Public Accounts Committee (PAC) was told that 170 employees of the Oil and Gas Development Company Limited (OGDCL) had been found guilty of submitting fake or forged documents during scrutiny, media reported.
Audit officials, during a briefing on the audit report of the petroleum ministry, told the committee that out of the total 170 employees who were found guilty, five were sent on forced retirement with complete incentives, 18 were demoted to lower grades, whereas, 80 employees were facing cases in the court.
The committee was informed that the documents of 15,000 OGDCL employees were scrutinised. The managing director of the company told the committee that some of the employees had forged their documents altering their dates of birth, grades or divisions in their educational documents.
In his initial response to the report, PAC Chairman Khursheed Shah opted to sweep the matter under the carpet, questioning the audit officials why they were pushing the matters of employees, but later deferred the para after the officials opposed him.
The audit officials said that ignoring the matter would send a wrong signal to other institutions.
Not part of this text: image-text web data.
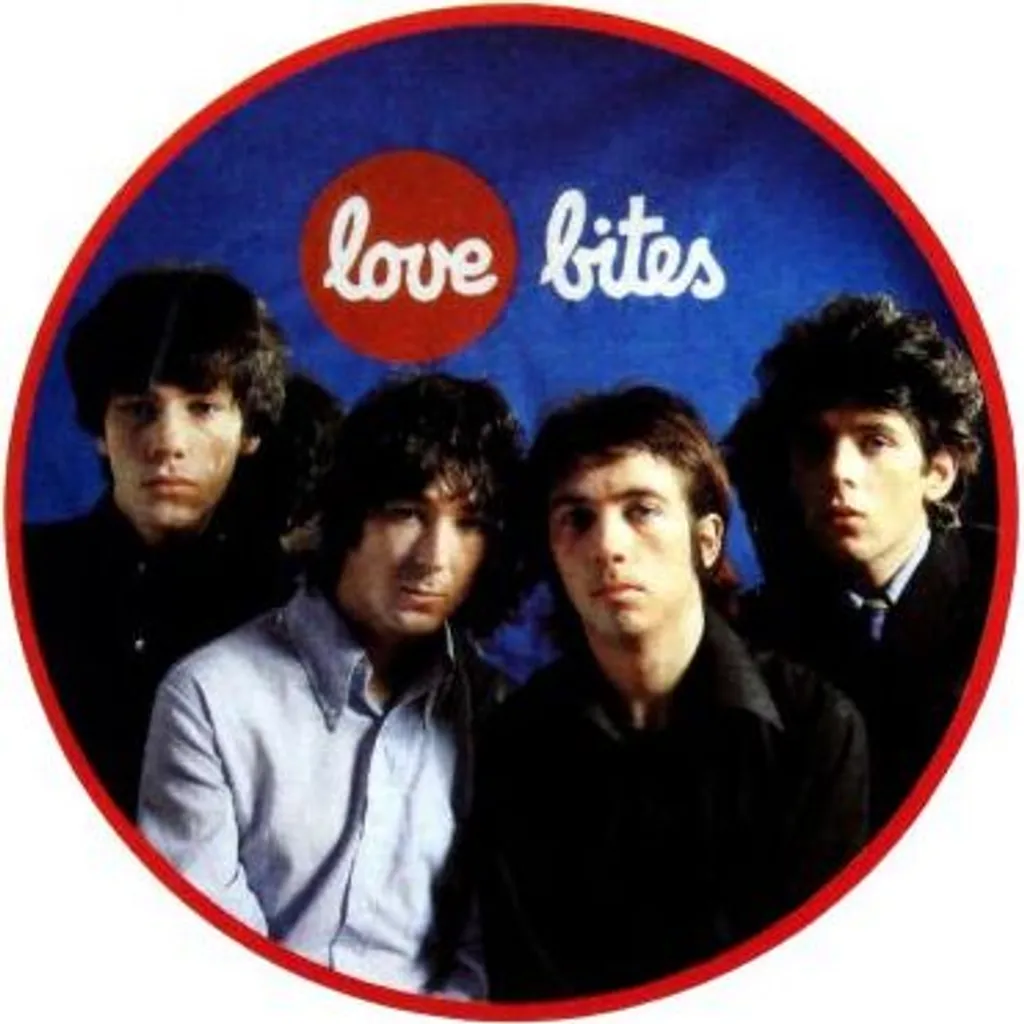 Vinyle Buzzcocks Love Bites Édition Limitée Remasterisée Album Punk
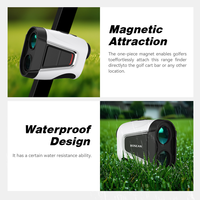 Télémètre laser de golf en gros 600M 1200M, marque personnalisée OEM avec fonction de pente, chargement magnétique USB, haute précision, fabricant chinois
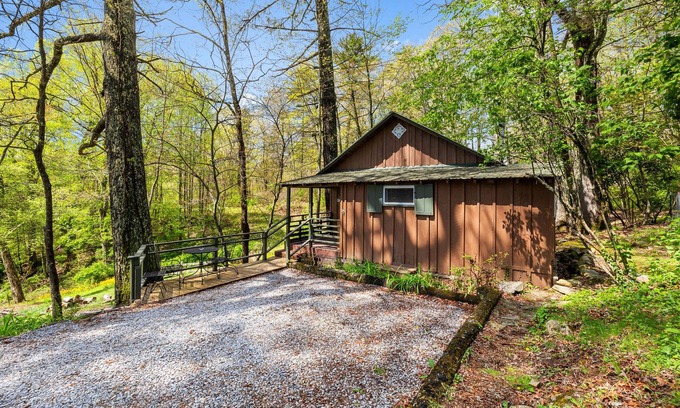 Linville Falls Cabin | Linville Falls Cottage
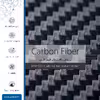 برچسب ماهوت طرح Carbon-Fiber مناسب برای ساعت هوشمند هوآوی Watch Fit 2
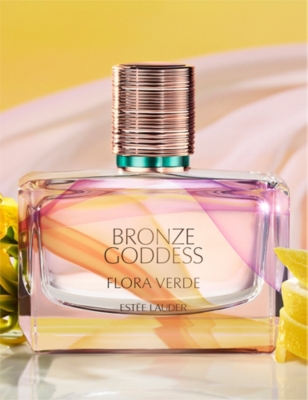 Shop Estée Lauder Estee Lauder Bronze Goddess Flora Verde Eau De Parfum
Sardar Ashiq Gopang, a committee member, said that criminal cases should be filed against these employees.
The committee was also informed that the national exchequer had suffered a loss of Rs370 million in connection with the annual examination of CNG stations. According to the report presented by audit officials, the loss was incurred due to the negligence of Oil and Gas Regulatory Authority.
Subsequently, the PAC directed the government to submit a complete record of the CNG sector.
Shah said that the circular debt has hit a mark of Rs500 billion and that new government will have to pay Rs500bn to clear the circular debt.